IRS Tax-Exempt Ruling On Public Charity Status, Unusual Grant

Tax-ExemptOn September 28, 2012, the U.S. Internal Revenue Service published a private letter ruling regarding the ability of an organization, which is recognized as a charity under Section 501(c)(3) of the Internal Revenue Code,  to retain its public charity status in the face of an unusually large grant from a single contributor. PLR 20123901.

Private Foundation, Public Charity
A 501(c)(3) organization claiming to be a public charity must demonstrate its public support on its Form 990.

PUBLIC CHARITY VS. PRIVATE FOUNDATION. An IRC § 501(c)(3) charity is presumed to be a private foundation unless it establishes that it is publicly supported. Because private foundations are subject to much stricter regulation than public charities, most charities that are able to do so try to establish that they are publicly supported. For the great majority of charities, public support can be proved by satisfying one of two alternative tests (explained in simplified form): (1) by normally receiving at least one-third of their support from governmental units, from direct or indirect contributions by the general public, or from a combination of those sources; or (2) by receiving at least 10 percent of their total support from public sources and establishing, with regard to facts and circumstances contained in IRS regulations, that they are operated more like a public charity than like a private foundation. In each case, the percentage of support is determined with reference to a fraction whose numerator is the sum of all support deemed “public,” and whose denominator is the sum of all support from all sources.

“TIPPING” AWAY FROM PUBLIC SUPPORT. Under both the 1/3 public support test and the 10% public support test, contributions from an individual, trust, or corporation are only counted as “public” support to the extent that the total contributions from that contributor in the current tax year, and in the four year period immediately before the current tax year, do not exceed 2% of the organization’s total support for the same period. One consequence of the 2% rule is that a large grant from a foundation may cause a recipient to to fail the public support test. To lessen the effect of this phenomenon–sometimes called “tipping”–Treas.

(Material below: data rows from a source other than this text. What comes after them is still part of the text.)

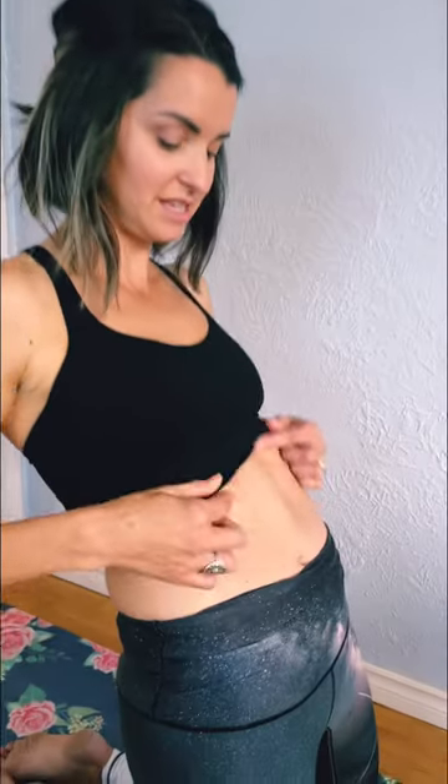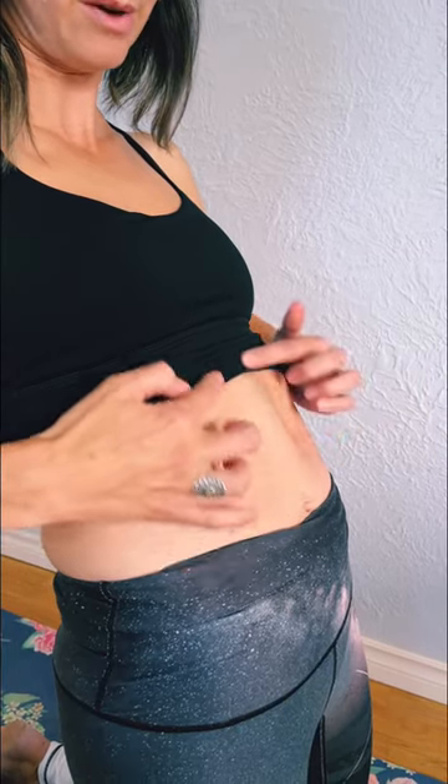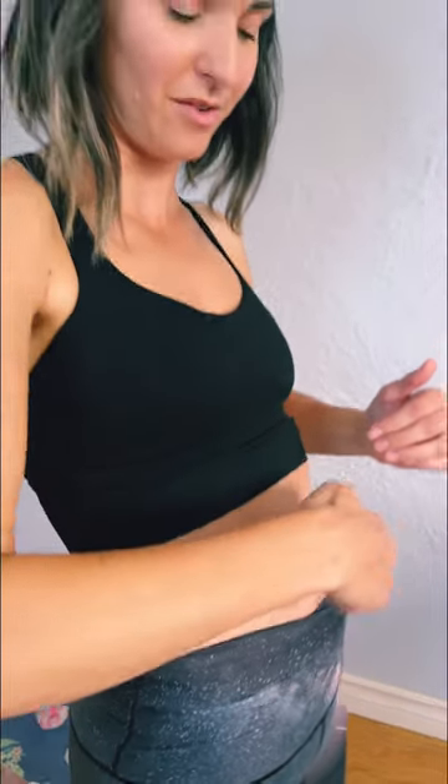As I lean back, you can see this little doming ridge here. My tummy is no longer flat straight across — there's this little mountain right down the center line. That's that weakening I'm talking about of the center line.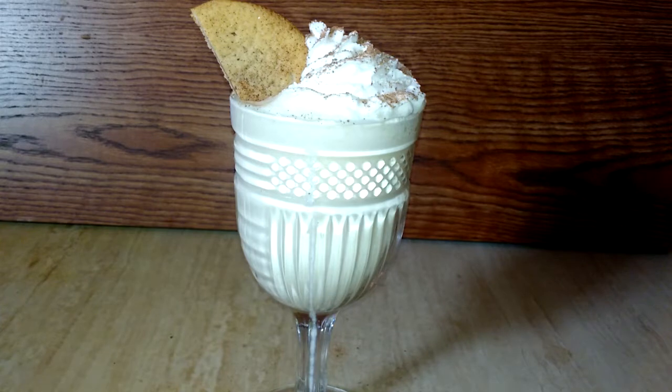So here's our finished eggnog milkshake, topped with a little whipped cream, a little nutmeg, and half of a snickerdoodle cookie. Thanks for checking out this holiday edition of Side Dish.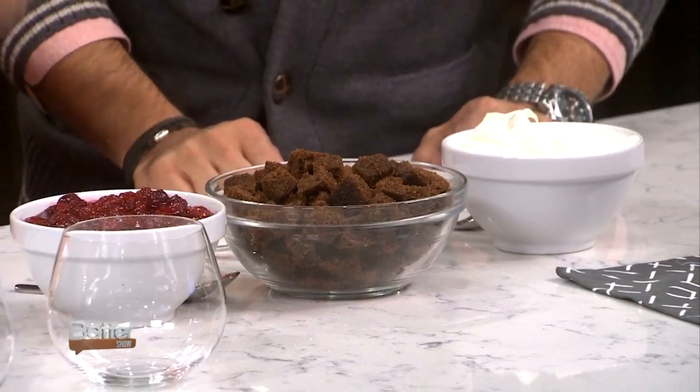Better Homes and Gardens senior deputy food editor Nancy Hopkins is going to show us how we can use our leftover cranberry sauce to make a delicious dessert recipe. I see brownies — I came at the right time! Could be brownies, but guess what this is? Gingerbread!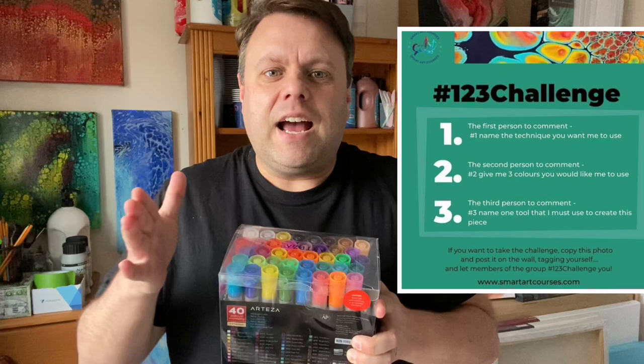Hi everyone, thank you so much for joining me today. I've been nominated to do a challenge — I'm part of a fantastic group on Facebook and we're doing the one two three challenge. Three people can tell me things to do as part of my creation: the first nominated me to do an open cup pour, the second named three colors — phthalo green, a light blue, and a rose pink — and the third asked me to use acrylic markers. I'm going to wait for the piece to dry and use the acrylic marker for embellishment. It's going to be a challenge, but that's what the one two three challenge is about!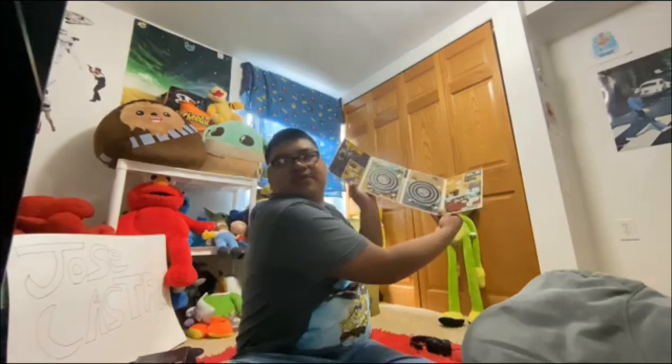Here we have Sealab — the front, spine, and the back. There's the disc. Here we have Frisky Dingo Season 2. There's the disc.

Reg.  § 1.170A-9(e)(6) provides that, in certain limited circumstances, an “unusual grant” may be excluded when calculating an organization’s public support.

Henriëtte Ronner-Knip

THE REQUESTER: AN ANIMAL WELFARE ORGANIZATION. In this case, the exempt organization that requested an IRS ruling operated a low-cost spay and neuter clinic for cats and dogs, and provided educational materials regarding pet care. The organization’s financial support consisted of fees for services, contributions, and unrelated income. The organization had been classified as a private foundation at the end of its advance ruling period. However, it requested reclassification, and was being treated as a public charity for an advance period of 60 months.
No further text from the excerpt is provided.